Exercise: Return a faithful copy of all the entries, omitting the images.

Crawled caption data
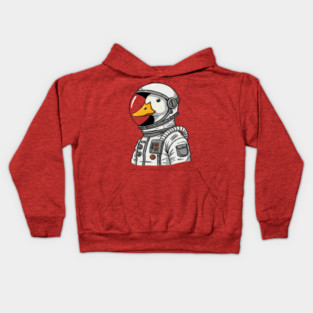 Astronaut Duck Space Explorer Funny - a cartoon duck astronat Kids Hoodie
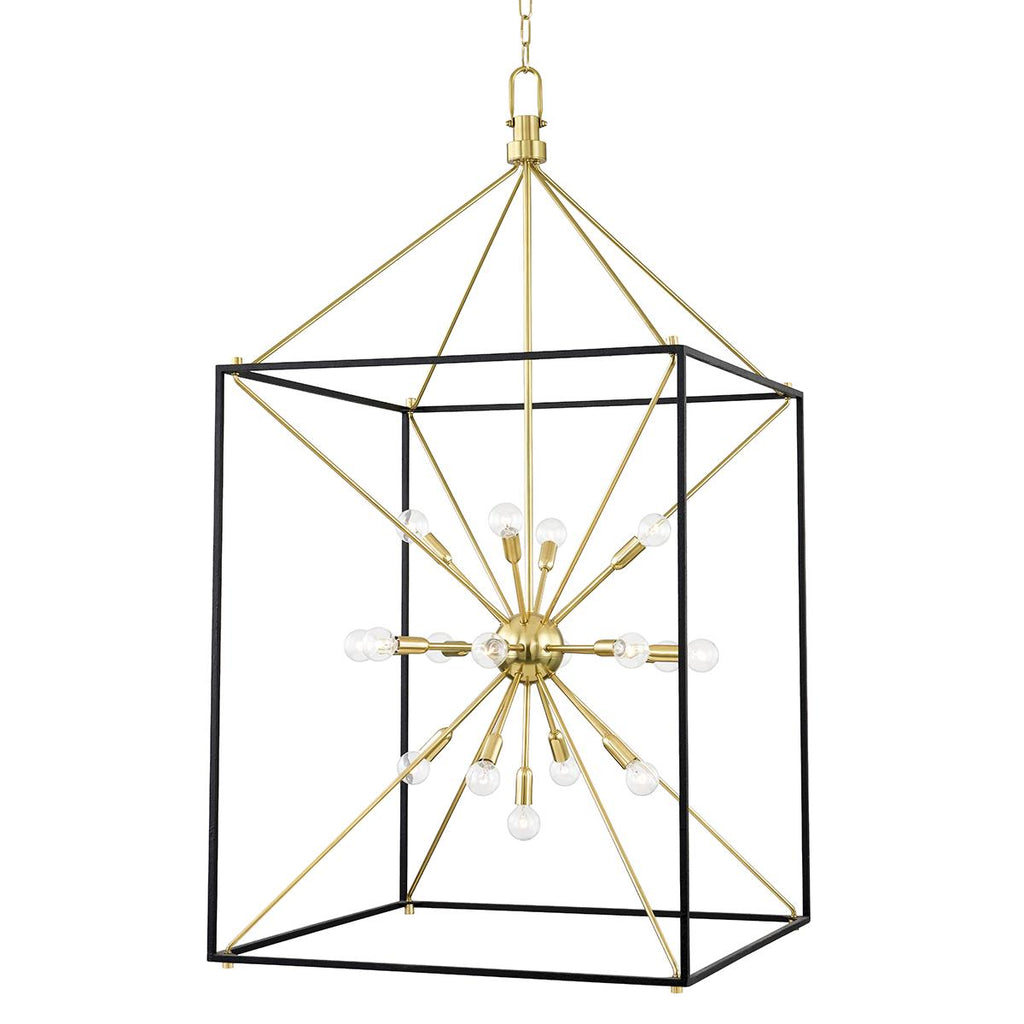 Hudson Valley Lighting Glendale Aged Brass/black 27W x 27L x 51.25H Pendant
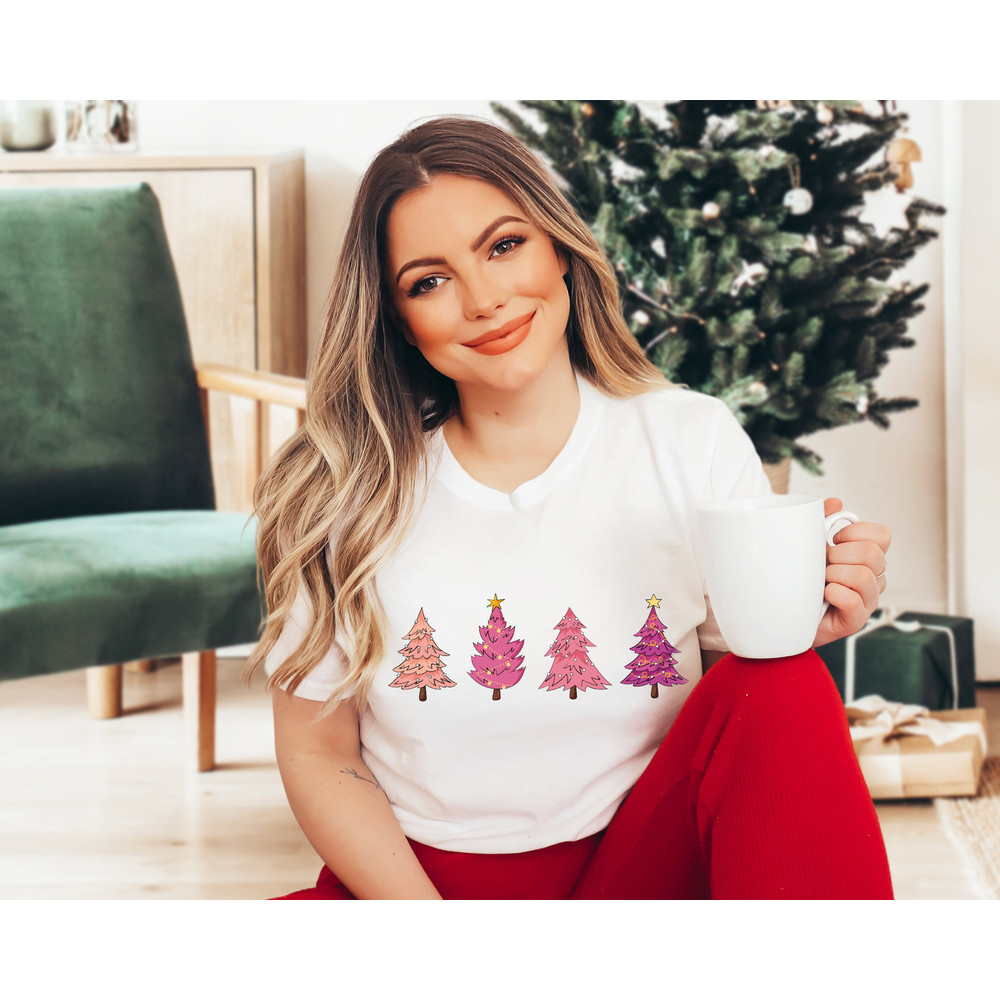 Merry Christmas Women's Sweatshirt, Pink Christmas Trees Shirt, Cute Christmas Sweatshirt, Christmas Party Tee,Xmas Gift, Holiday Sweatshirt - 5.jpg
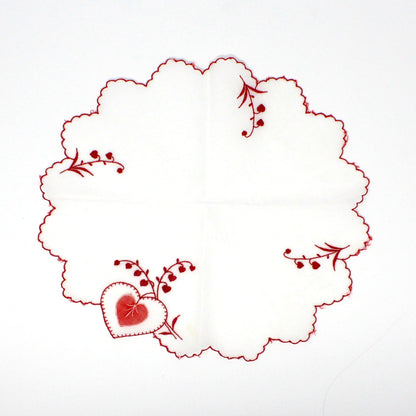 Handkerchief, Embroidered & Applique Hearts, Red & White, Vintage Organza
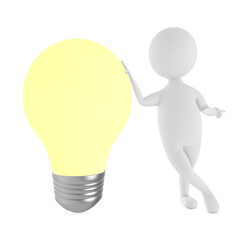 3d character , man presenting a illuminated bulb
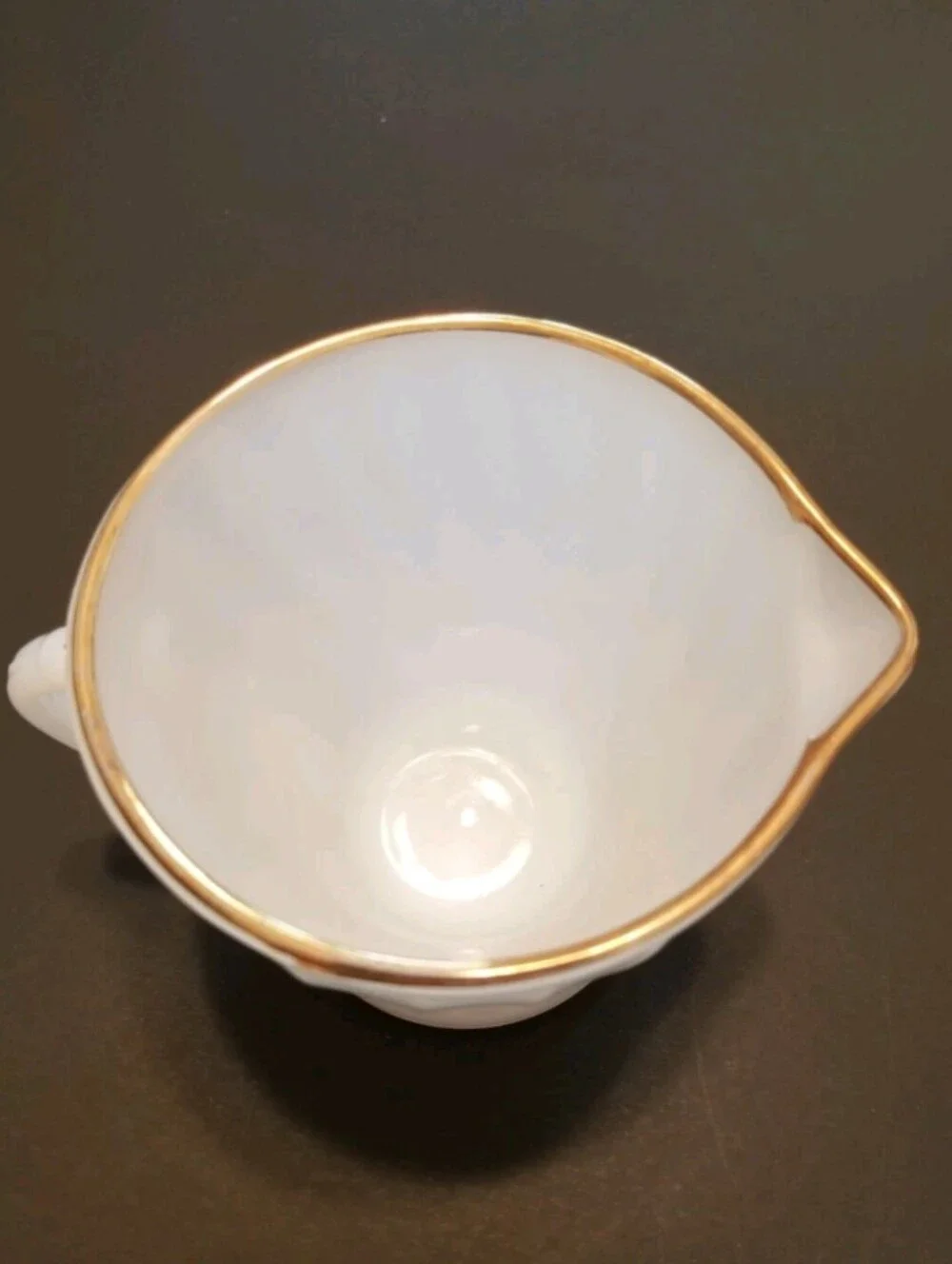 Vintage Anchor Hocking Fire-King Swirl Gold Trimmed Milk Glass Creamer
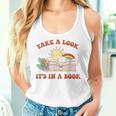 Retro Take A Look It's In A Book Rainbow Book Lover Teacher Women Tank Top Gifts for Her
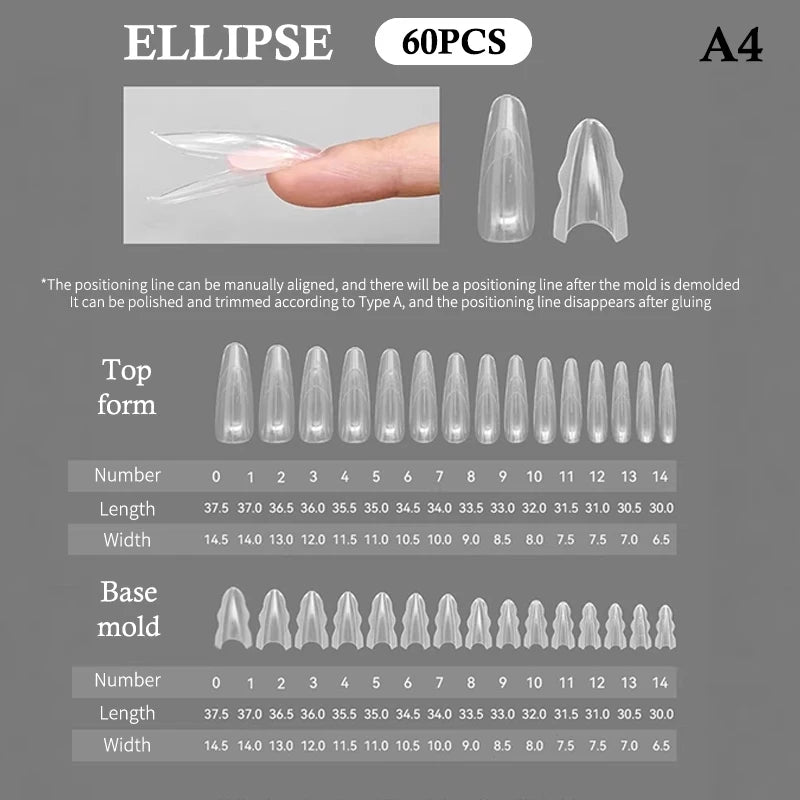 Coffin Dual Forms Nail Extension Sandwich Molds 15 Sizes Reusable Qme A4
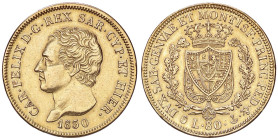 SAVOIA - Carlo Felice (1821-1831) - 80 Lire 1830 G Pag. 35; Mont. 17 (AU g. 25,57)
BB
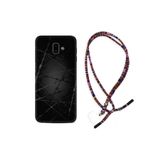kilifland Samsung Galaxy J6 Plus ile Uyumlu Kılıf Rasta Ipli Boyun Askılı Desenli Silikon Dikenli Tel 1779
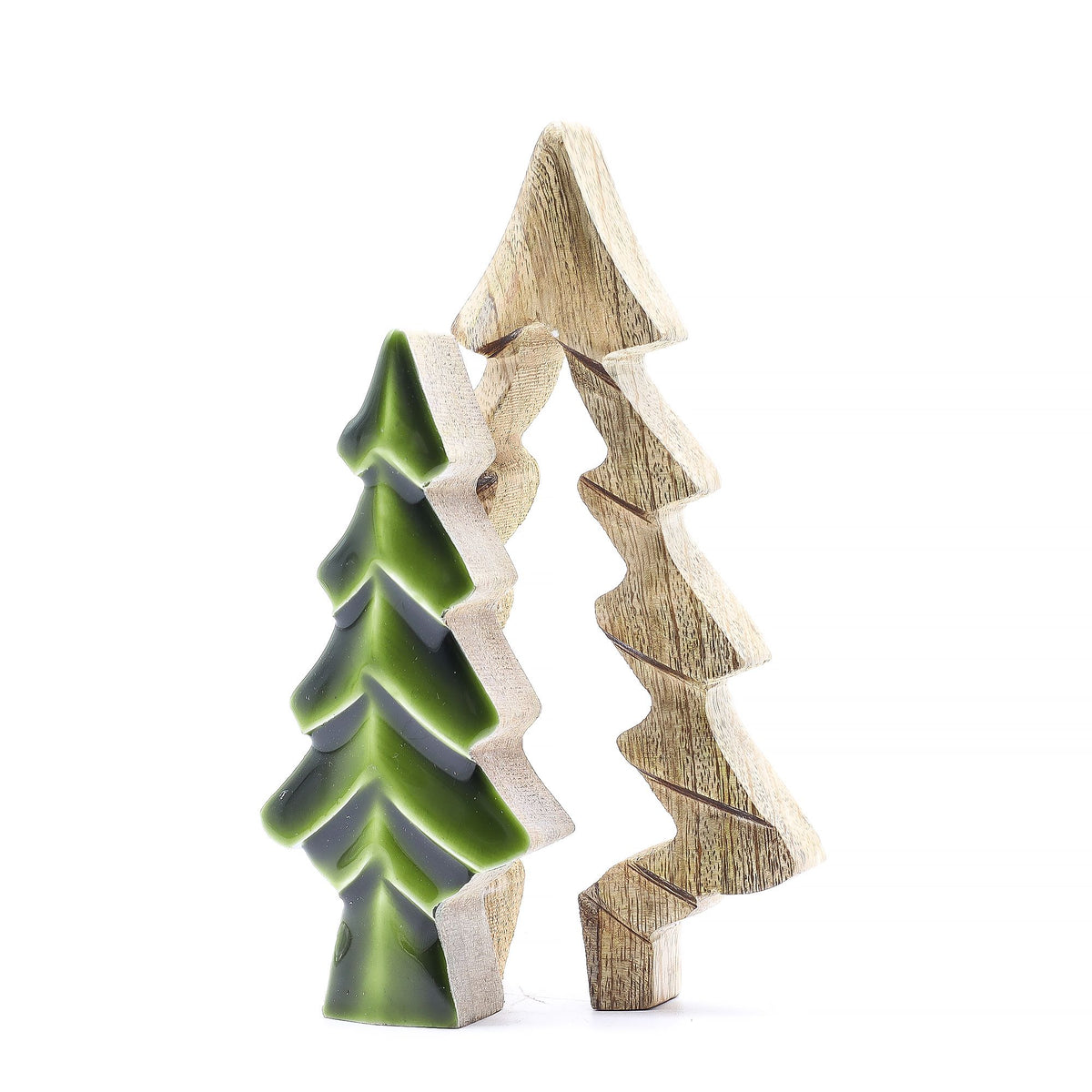 Mango Houten Kerstboom met Groen Emaille – 15 cm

Exercise output:
 Astronaut Duck Space Explorer Funny - a cartoon duck astronat Kids Hoodie
 Hudson Valley Lighting Glendale Aged Brass/black 27W x 27L x 51.25H Pendant
 Merry Christmas Women's Sweatshirt, Pink Christmas Trees Shirt, Cute Christmas Sweatshirt, Christmas Party Tee,Xmas Gift, Holiday Sweatshirt - 5.jpg
 Handkerchief, Embroidered & Applique Hearts, Red & White, Vintage Organza
 3d character , man presenting a illuminated bulb
 Vintage Anchor Hocking Fire-King Swirl Gold Trimmed Milk Glass Creamer
 Retro Take A Look It's In A Book Rainbow Book Lover Teacher Women Tank Top Gifts for Her
 Coffin Dual Forms Nail Extension Sandwich Molds 15 Sizes Reusable Qme A4
 SAVOIA - Carlo Felice (1821-1831) - 80 Lire 1830 G Pag. 35; Mont. 17 (AU g. 25,57)
BB
kilifland Samsung Galaxy J6 Plus ile Uyumlu Kılıf Rasta Ipli Boyun Askılı Desenli Silikon Dikenli Tel 1779
 Mango Houten Kerstboom met Groen Emaille – 15 cm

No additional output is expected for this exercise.